How many is a bunch?
Many years ago when I had first taken an interest in mating pool size and the survival of that pool there were questions of:
How many is too few?
How many is too many?
How many is best?

Initially I had been conditioned by the usual social forces to think that the bigger the gene pool the better.  I thought one would not find the size was too many until it was in the tens of thousands and included enormous diversity of background as well.  Over the years I have been beaten back by the evidence to believing that a few dozen is probably best and what is tolerable is something between one and two hundred in mammals.  But I still try to keep an eye on any data that might help restrict the possibilities. 

Two bits of data have now appeared.  There was a population of Raso larks (The Rebounding of the Lark SCIENCE vol. 336 no. 6078 April 13, 2012 page 137 reviewing work by a team led by Michael Brooke of the University of Cambridge publishing in ANIMAL CONSERVATION) in the Cape Verde Islands has risen from 65 to 1490 over a period of eight years.  That last number may not be the gene pool.  Nature probably has given the larks a way to divide their gene pool.  If it is the gene pool, I would predict a catastrophe.  There is a question in my mind about just how much diversity there was among the 65.  From what I can tell, the population had declined slowly to that level so that there was a limit on the diversity.  So it seems that 65 is good number for good fertility provided the diversity within that population is acceptable.

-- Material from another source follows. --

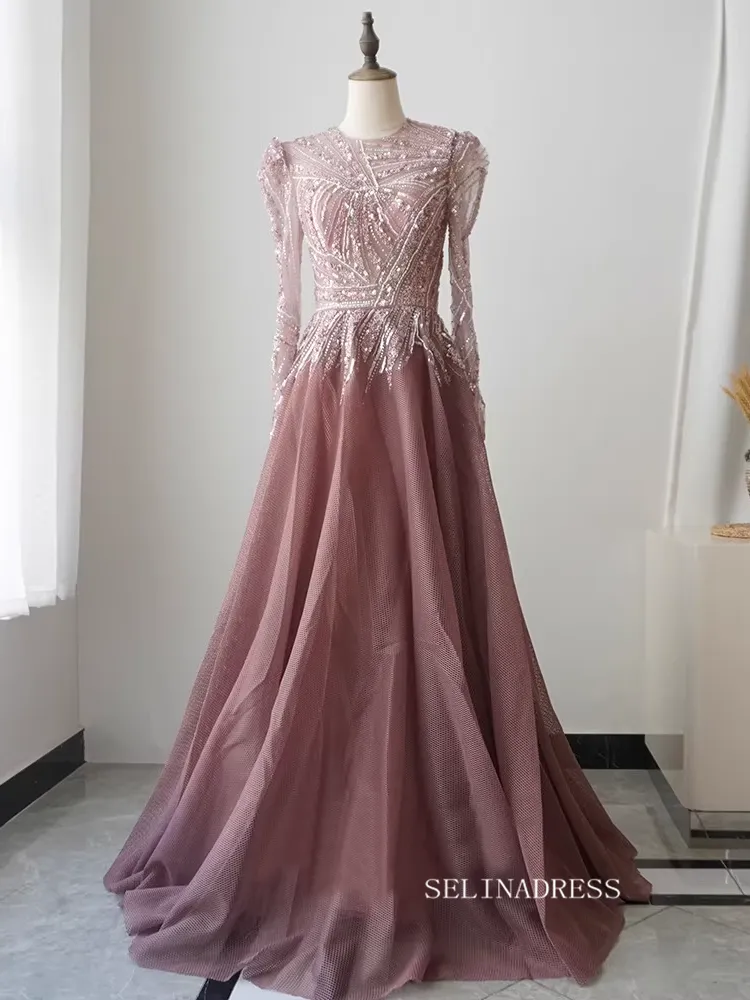 Chic A-line Scoop Long Sleeve Beaded Prom Dress Elegant Evening Dress #KOP003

So that would be a middling number.  At the low end (SNV Bottleneck Dynamics, SCIENCE vol. 335 no. 6074 March 16, 2012 page 1281 reviewing work by Oliver and Piertney published in Mol. Biol. Evol. 29, 10.1093) a population of water voles on a Scottish island was deliberately reduced by introducing sheep, which reduced the population to just 5 voles, after which the sheep were removed.  They measured the diversity of the survivors by examining something called microsatellite DNA, which seems not to have a great effect on the moles.  They also measured their diversity of MHG, which means “major histocompatibility group genes (alleles, specifically), and insufficient MHG diversity is known to depress immune status.  So 5 seems to be too small a number.  There is no surprise there.

I have been following a blog called HBD Chick, referenced at the top of the home page, and have been much impressed by one commentator who calls himself “Snoopy,” although he capitalizes it differently.  He has made remarks that seem relevant here.  He says the quotes from a book Life in a Hutterite Colony saying that from 1880 to 1950 the community would deliberately subdivide when the population size reached 120 to 130 people, and in so doing achieved the highest population growth rate ever recorded for humans.  He added some other examples. 

On the MHG front, on another occasion, he reported that you can have too much MHG complexity as well as too little with an ideal range in between.  I am mightily impressed with his knowledge.  He says he got it from Wikipedia.  He thought to look.